» Task prompt:
Output each line exactly as written, from the first line of the records to the line bearing "Youth and children's ministry director", inclusive, while leaving every picture out.

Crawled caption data

[Start of section]

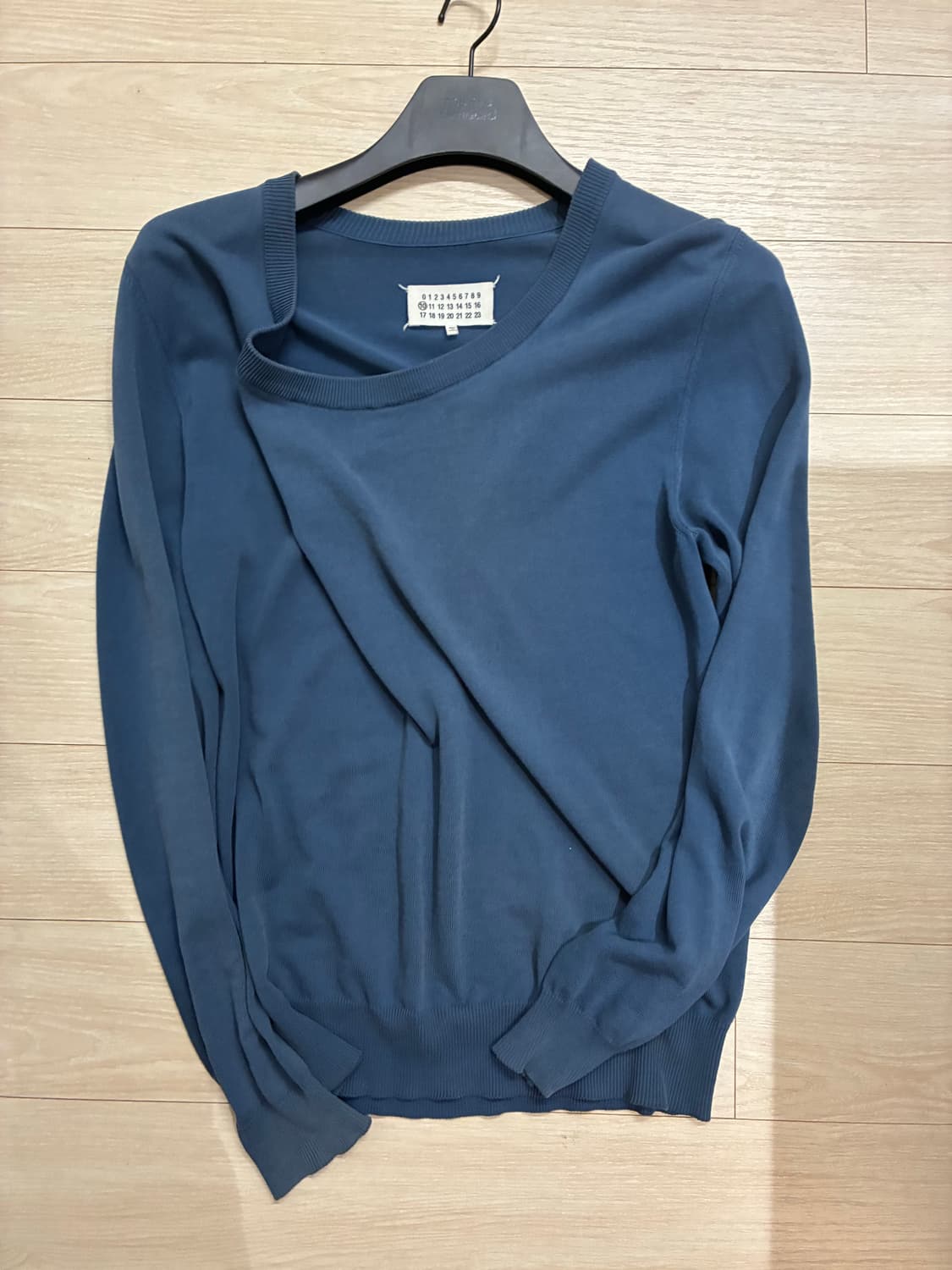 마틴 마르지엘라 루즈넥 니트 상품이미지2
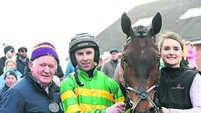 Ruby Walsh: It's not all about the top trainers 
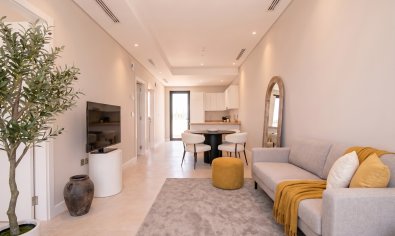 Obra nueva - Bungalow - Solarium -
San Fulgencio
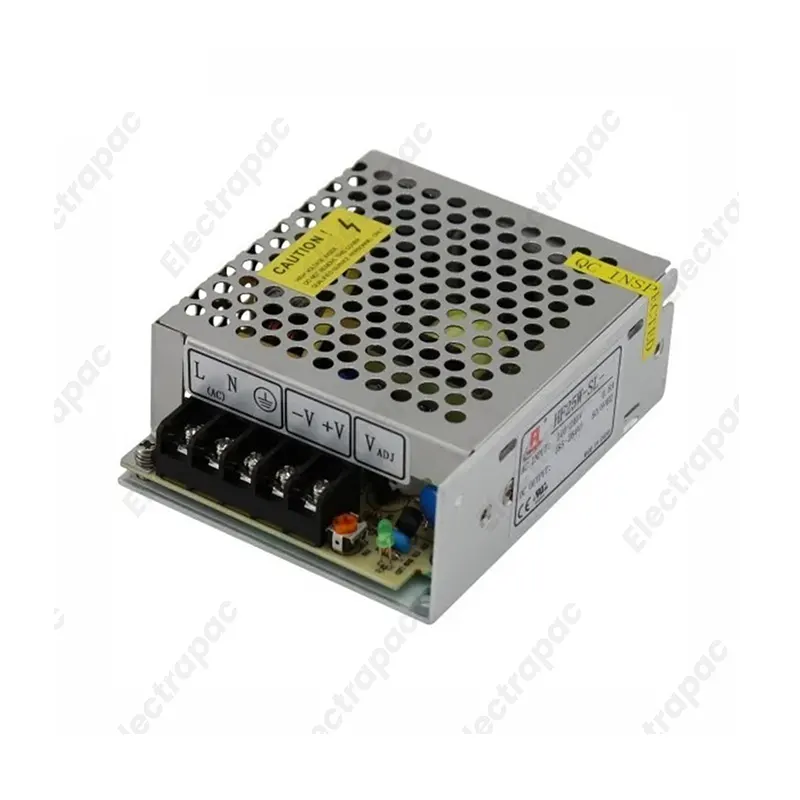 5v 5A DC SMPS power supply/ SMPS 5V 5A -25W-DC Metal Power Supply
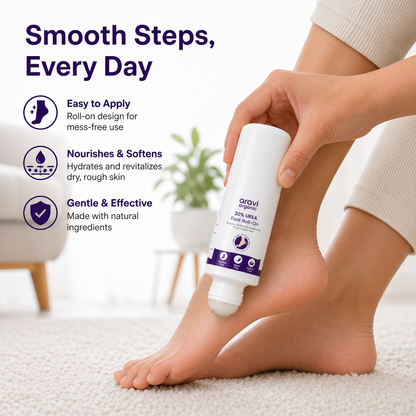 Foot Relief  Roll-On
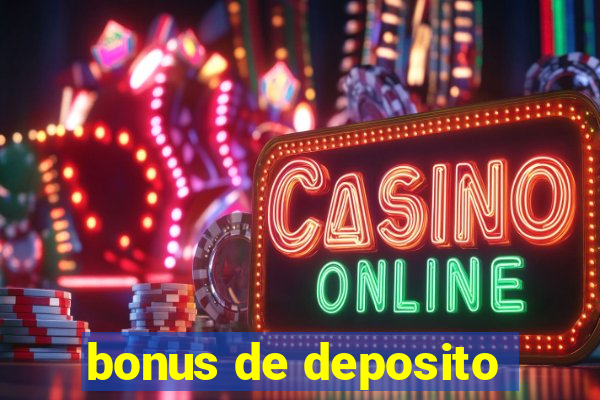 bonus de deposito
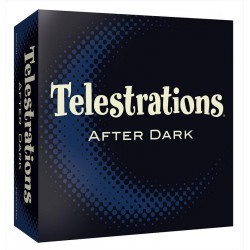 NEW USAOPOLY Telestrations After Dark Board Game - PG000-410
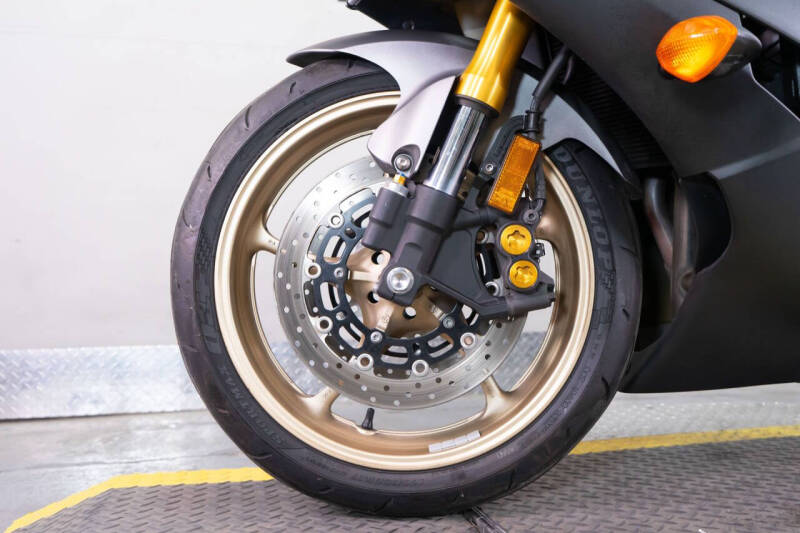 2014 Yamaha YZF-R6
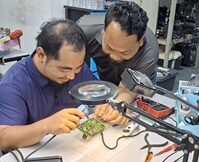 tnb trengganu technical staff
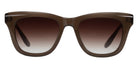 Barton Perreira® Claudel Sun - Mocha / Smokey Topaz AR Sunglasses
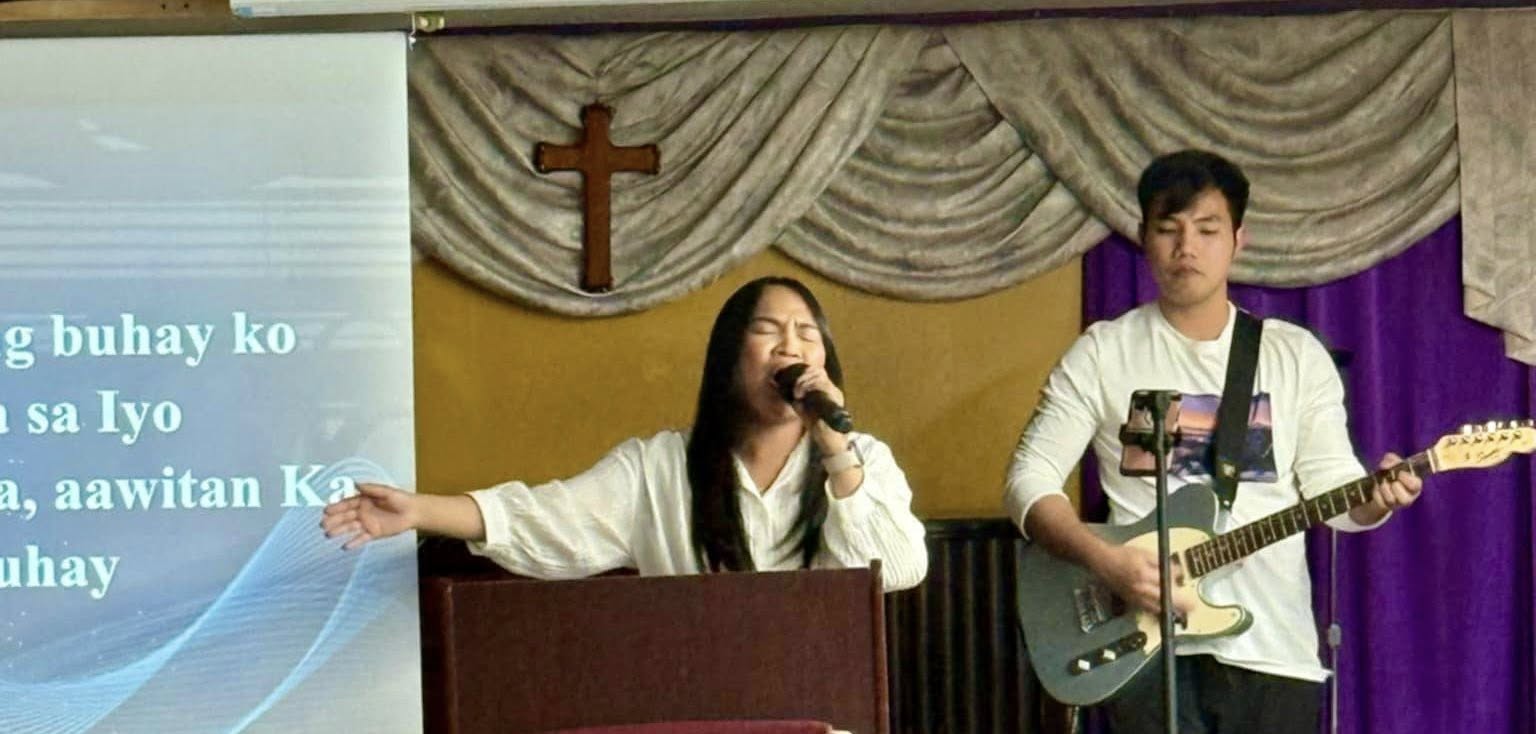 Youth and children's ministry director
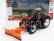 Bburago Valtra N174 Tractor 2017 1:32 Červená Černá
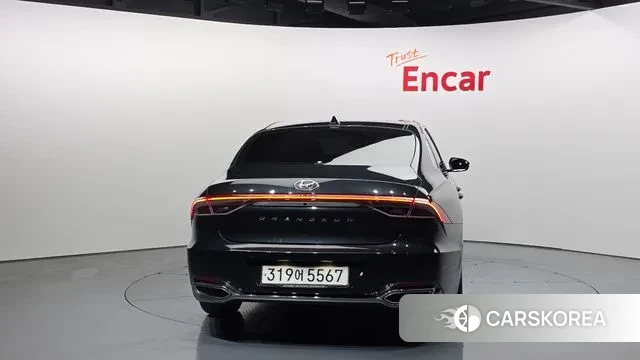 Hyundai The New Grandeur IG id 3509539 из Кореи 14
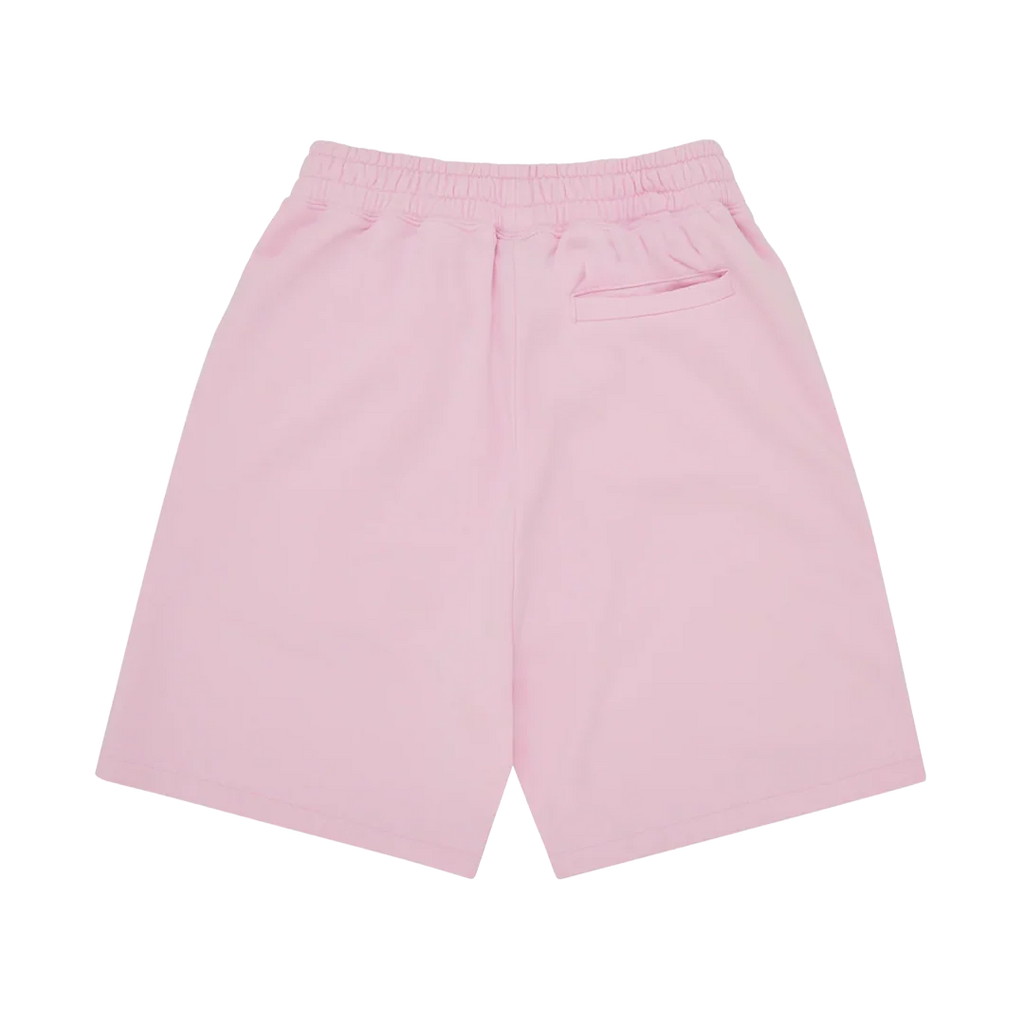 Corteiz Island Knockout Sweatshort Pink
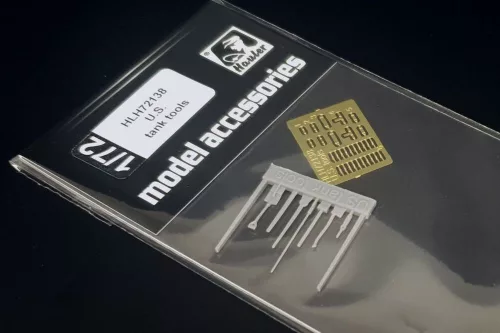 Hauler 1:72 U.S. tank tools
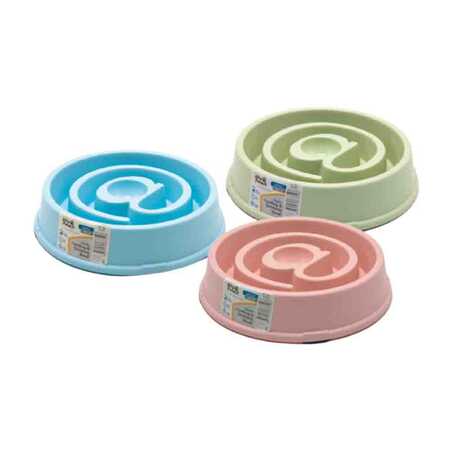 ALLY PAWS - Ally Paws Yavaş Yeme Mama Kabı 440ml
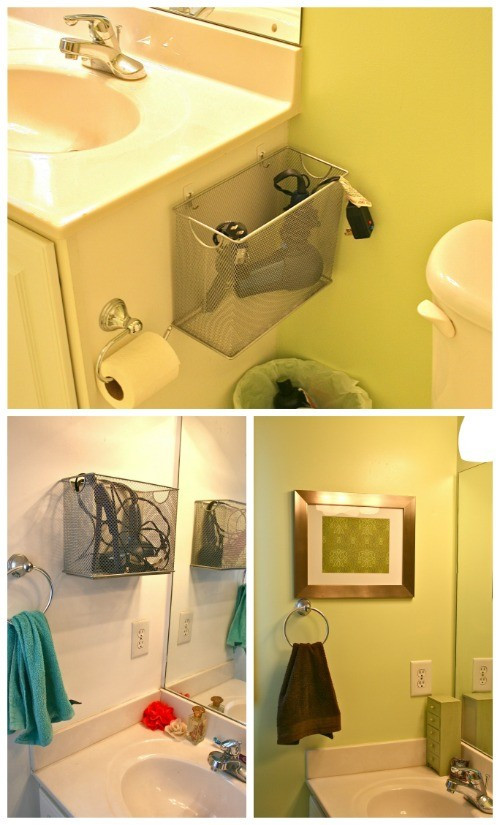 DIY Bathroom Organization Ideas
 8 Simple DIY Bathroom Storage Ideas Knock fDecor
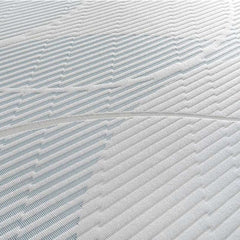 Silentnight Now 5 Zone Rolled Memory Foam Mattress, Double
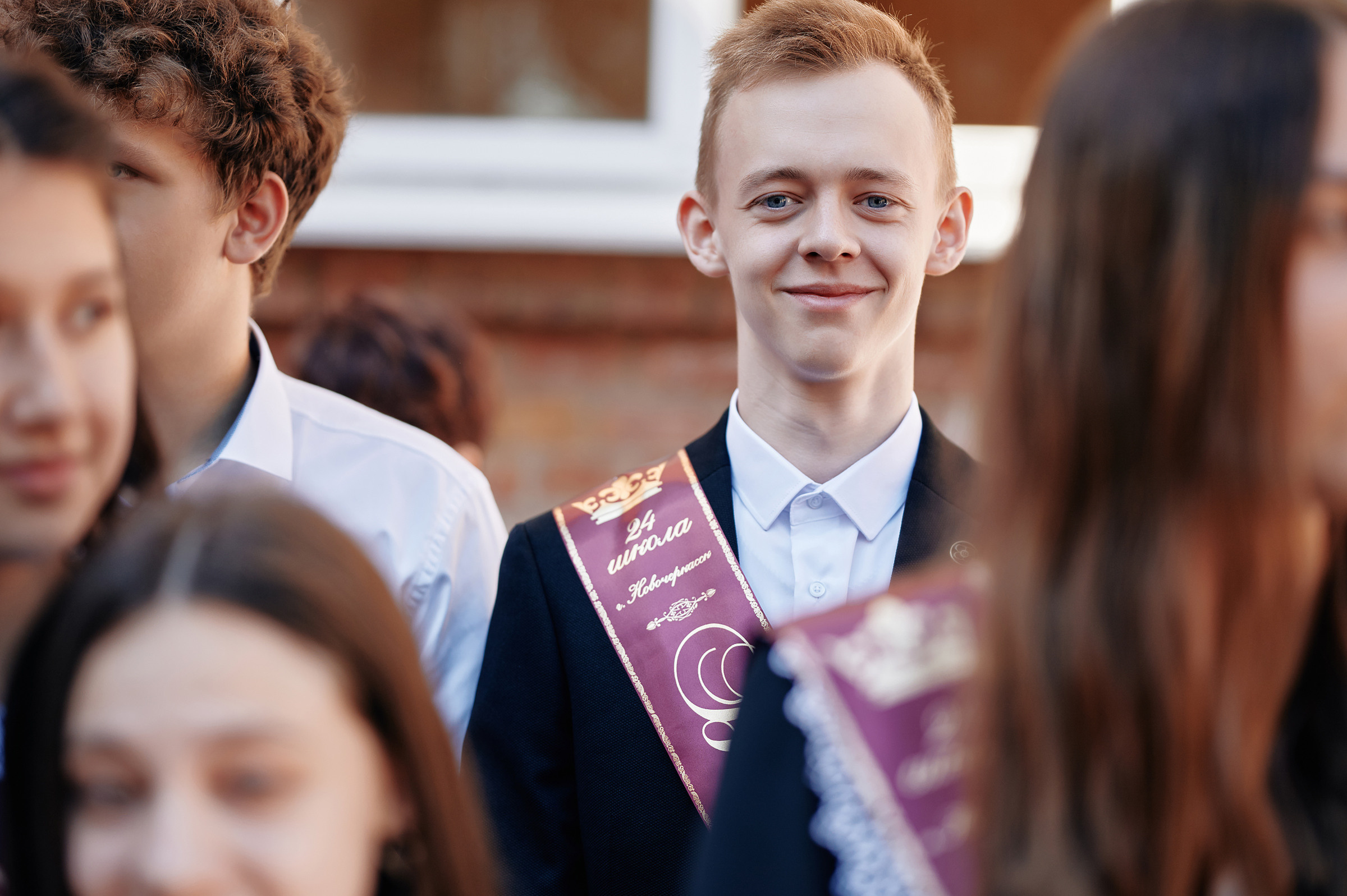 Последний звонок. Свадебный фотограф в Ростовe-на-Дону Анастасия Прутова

[End of section]

» Result for this task:
 마틴 마르지엘라 루즈넥 니트 상품이미지2
 Ruby Walsh: It's not all about the top trainers 
 Obra nueva - Bungalow - Solarium -
San Fulgencio
 5v 5A DC SMPS power supply/ SMPS 5V 5A -25W-DC Metal Power Supply
 Foot Relief  Roll-On
 bonus de deposito
 NEW USAOPOLY Telestrations After Dark Board Game - PG000-410
 2014 Yamaha YZF-R6
 tnb trengganu technical staff
 Barton Perreira® Claudel Sun - Mocha / Smokey Topaz AR Sunglasses
 Youth and children's ministry director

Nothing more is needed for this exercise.